Furthermore, even basic paycheck-based tax codes aren't always progressive when you get down to lower levels of government. Many state and municipal tax codes are actually regressive, meaning low earners pay a higher percentage of their income than do high earners. The top three worst offenders for income tax regressiveness are Washington, Florida and South Dakota, according to a report by the Institute on Taxation & Economic Policy.
All in all, this adds up to a system that skews in favor of the wealthy. The Buffett Rule aims to change that.
Dialing Back to Close the Gap
Opponents to increased tax progressiveness argue that it would hurt the economy by stunting job growth and discouraging success. But the United States has a long record of taxing the rich at much higher percentages than we do today, and those policies didn't appear to damage growth. In 1960, the super-rich paid a whopping 70 percent of their payroll income to federal taxes, according to a 2007 report from the Journal of Economic Perspectives.
Today, they pay only 35 percent of payroll income to the federal government. And when you look at total income including capital gains, the tax percentage shrinks even further; the White House report pegs the figure at about 26 percent. Federal tax code changes over the past few decades have overwhelmingly favored the richest Americans, so that millionaires and billionaires now enjoy some of the lowest federal tax rates in American history. This is thanks in large part to policies implemented under Ronald Reagan and George H. W. Bush. Even Obama has gotten into the act by calling for cuts on corporate tax rates.
The middle class, on the other hand, has actually seen an increase in tax rates since 1960.
This overall pattern has contributed to a growing net earnings disparity between rich and poor Americans. By 2007, just before the recession, the income gap had grown to levels unprecedented since 1929.
In its historical context, the Buffett Rule looks more like a slight dial-back than a major reform. Since it would affect only those earning $1 million a year or more, the measure would do relatively little to turn back the high tide of economic inequality.
Hope and Chump Change
The Buffett Rule has been codified somewhat vaguely in the "Paying a Fair Share Act of 2012," which is scheduled for a Senate vote on April 16. Extra income from closing the capital gains loophole could benefit the national economy by raising revenues of about $46.7 billion over the next ten years, according to the Joint Committee on Taxation.

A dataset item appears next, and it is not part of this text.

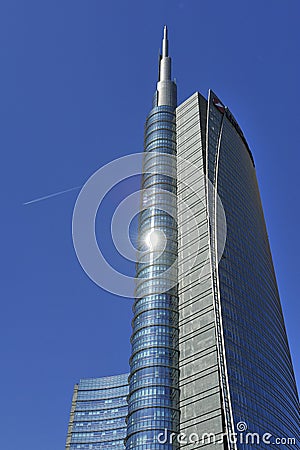 Milan, Italy, new Unicredit Porta Nuova Tower Editorial Stock Photo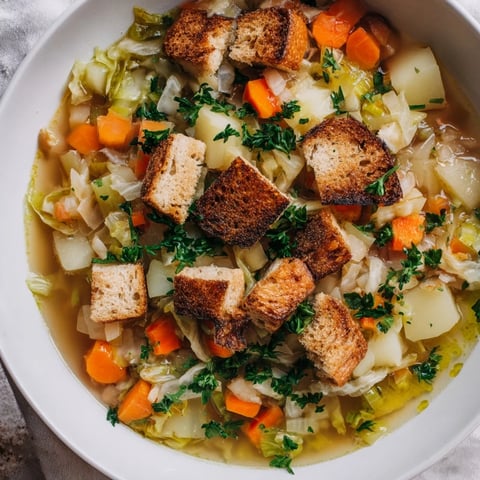 A steaming bowl of Sopa Pobre de Invierno garnished with parsley and crunchy bread croutons.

This is no small sum, but in fact it barely makes a dent in the U.S. national deficit and would have a small impact on the federal budget.

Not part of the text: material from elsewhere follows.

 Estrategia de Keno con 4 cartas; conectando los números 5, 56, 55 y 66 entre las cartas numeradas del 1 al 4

More importantly, the Buffett Rule isn't likely to be enacted, and Obama knows it. Chances are slim to none that the Republican majority U.S. House of Representatives will let the bill through.

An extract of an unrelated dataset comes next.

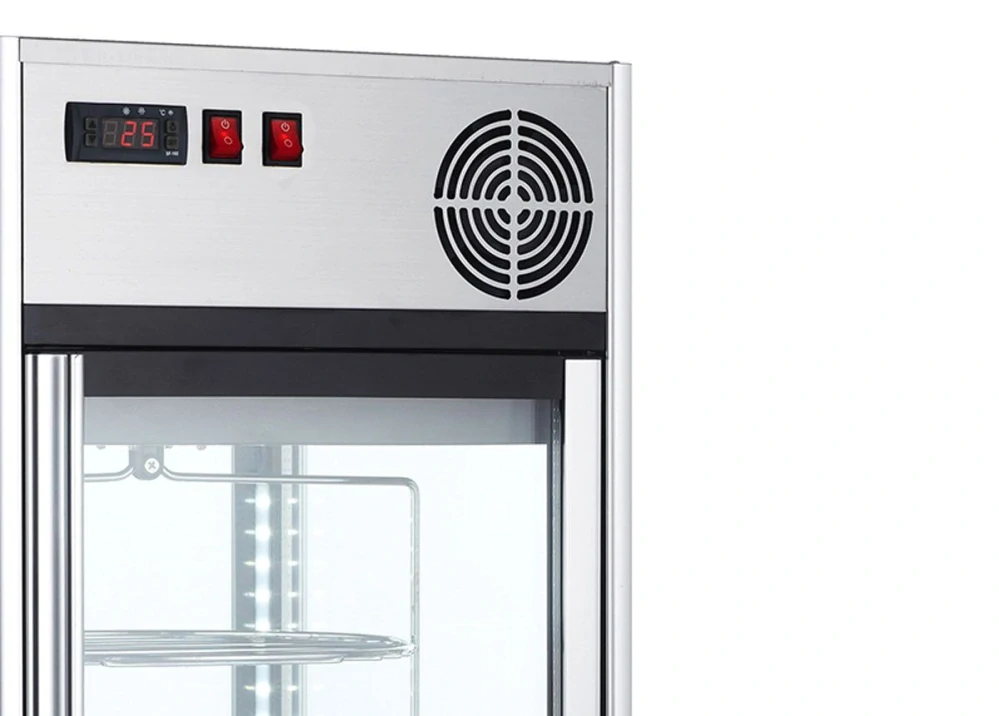 Stolní panoramatická vitrína - 108 l - 470 mm - s 4 otočnými policemi - stříbrná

But backing the measure gives the president a powerful talking point in the lead-up to the November election. Faced with presumptive Republican candidate Mitt Romney, who has been blasted by critics for seeming out of touch with average Americans, Obama knows that touting the Buffett Rule gives him the populist edge.
"[Romney] thinks millionaires and billionaires should keep paying lower tax rates than middle-class families. In fact, Romney himself isn't paying his fair share," said a statement from the Obama campaign. Tax forms released by the Romney campaign show that he made $21 million last year and paid only about 14 percent of that in taxes.
Rhetoric like this will serve Obama well in November, and that's the real purpose of the 2012 Buffett Rule legislation. Even if, by some fluke, the bill passed in Congress, the "Paying a Fair Share Act" would do little to address existing problems with federal tax codes.
A bigger opportunity for change will come up at the end of this year, when Bush-era tax cuts for those making $250,000 or more are set to expire. Obama has called on lawmakers allow the tax codes to revert to their pre-2001 status, and that could benefit the U.S. economy to the tune of $800 billion over the next decade.